In October 2000 the General Assembly of the World Medical Association (WMA) met in the UK. This highest decision-making body of the WMA discussed, among other issues, the wording of the latest revised version of the Declaration of Helsinki (1), the pivotal international ethics document guiding medical research. Nearly two years of international controversy over the document’s wording and content came to a conclusion. During this process, the Secretary General reported, the WMA was flooded with hundreds of comments, resolutions and discussion documents from individuals, national medical associations and non-governmental organisations the world over.
At the heart of the controversy were two questions: Is it conceptually feasible to uphold the distinction between therapeutic and non-therapeutic research?

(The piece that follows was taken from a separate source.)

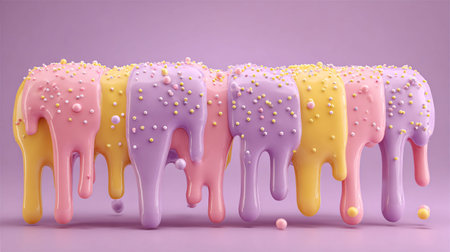 Rows of glossy pastel icing in yellow pink and lavender colors melt downwards creating elongated...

Should there be a universal prescribed standard of clinical care or should a local standard of care apply? This report focuses on the second question.
A US-based agenda was the driving force behind the initial changes to the Declaration. The pre-October 2000 version read: In any medical study, every patient – including those of any control group, if any – should be assured of the best proven diagnostic and therapeutic method. A draft with revisions to the Declaration, circulated in March 1999, read: In any biomedical research protocol every patient-subject, including those of a control group, if any, should be assured that he or she will not be denied access to the best proven diagnostic, prophylactic or therapeutic method that would otherwise be available to him or her.

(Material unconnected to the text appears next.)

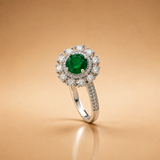 925 Silver Emerald Doublet Flower Halo Ring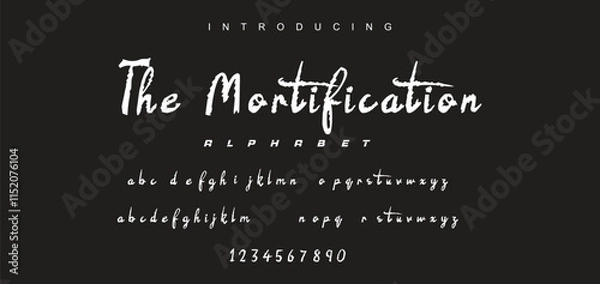 Fototapeta Vector brush style font, alphabet, and typeface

Obviously an attempt was made to change the parameters of what level of clinical care should be provided to trial participants from a scientific to an economic standard.

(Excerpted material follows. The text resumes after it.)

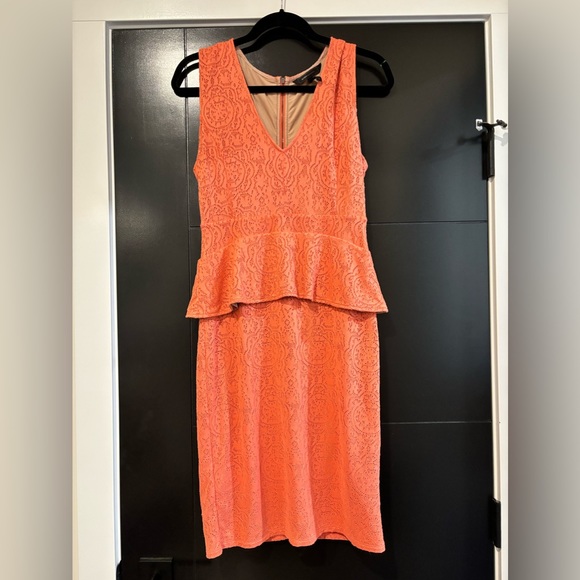Coral Peplum Dress - Picture 1 of 5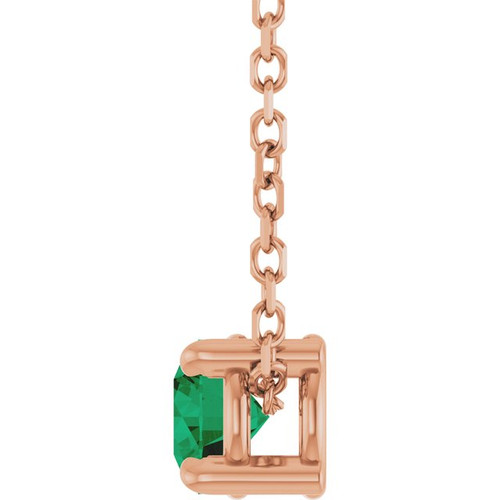14K Rose 4 mm Natural Emerald 16-18" Necklace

A debate ensued internationally over the ethics of this (2). The dividing lines between the debating camps were not clear-cut, but it became obvious that, for instance, of the WMA national member associations, the American Medical Association and the British Medical Association supported differential standards of care, while continental European, Japanese, Latin American and the South African Medical Associations rejected this strategy. (3) The initial proposal to revise the Declaration was made by the American Medical Association. Arguably the AMA and the BMA were more prepared than most other medical associations to accept as a given the economic disparities we see between developed and developing countries. They tried to design a research ethics guideline which allows economic factors to impinge on clinical standards of care, while the other organisations refused to accept this. The German medical association was driven by an absolutist, universalist principle based approach that would not countenance differential standards of care. These different responses are not necessarily an indication of less or greater concern for research subjects in these different countries and cultures; they are indicative of different approaches to and understanding of the Declaration of Helsinki.
The idea of differential standards of care was retained in the draft proposal discussed by the WMA in May 2000: In any medical study, every patient – including those of any control group, if any – should be assured of proven effective prophylactic, diagnostic, and therapeutic methods.
Using the example of AIDS treatments, it is possible to follow this guideline to the letter by providing effective treatment that is so substantially below the best proven treatment that it does not ensure the patient’s survival.
In October 2000 the General Assembly of the WMA met in Edinburgh. It adopted this version in the revised Declaration: The benefits, risks, burdens and effectiveness of a new method should be tested against those of the best current prophylactic, diagnostic, and therapeutic methods.
In trials other than for preventive vaccines this requirement, if adhered to by investigators, would eliminate the possibility of poor research subjects in developing countries being exploited by western researchers.
The revised version of the Declaration includes a note on post-trial availability of drugs to the trial subjects: At the conclusion of the study, every patient entered into the study should be assured of access to the best proven prophylactic, diagnostic and therapeutic methods identified by the study. If implemented by trial sponsors, it means that those who made the development and testing of a new drug possible, because they volunteered as research subjects, will be provided any drug successfully tested.
Unfortunately, this will not help prevent deaths in preventive vaccine trials. For example, people infected during HIV vaccine trials will not be provided post-trial with the best proven AIDS treatments. Ongoing UNAIDS-backed trials accept HIV infections of trial participants (for instance those resulting from a research subject’s therapeutic misconception) as inevitable, but refuse to provide to these HIV-infected trial subjects essential AIDS medication. The revised version of the Declaration is silent on this matter. Since trial subjects need only be provided with drugs “identified by the study”, and preventive vaccine trials will not identify treatments, the Declaration does not require that subjects infected during a vaccine trial be provided essential medication. The consequences will be particularly disastrous for research subjects affected by AIDS.
The standards of current research ethics, as set by the Declaration of Helsinki, are better than what was expected when the first drafts were circulated. It is reassuring that the organisation did not allow itself to be pressured into lowering standards of clinical care during clinical trials. However, the WMA ignores the problems preventive vaccine trials will cause.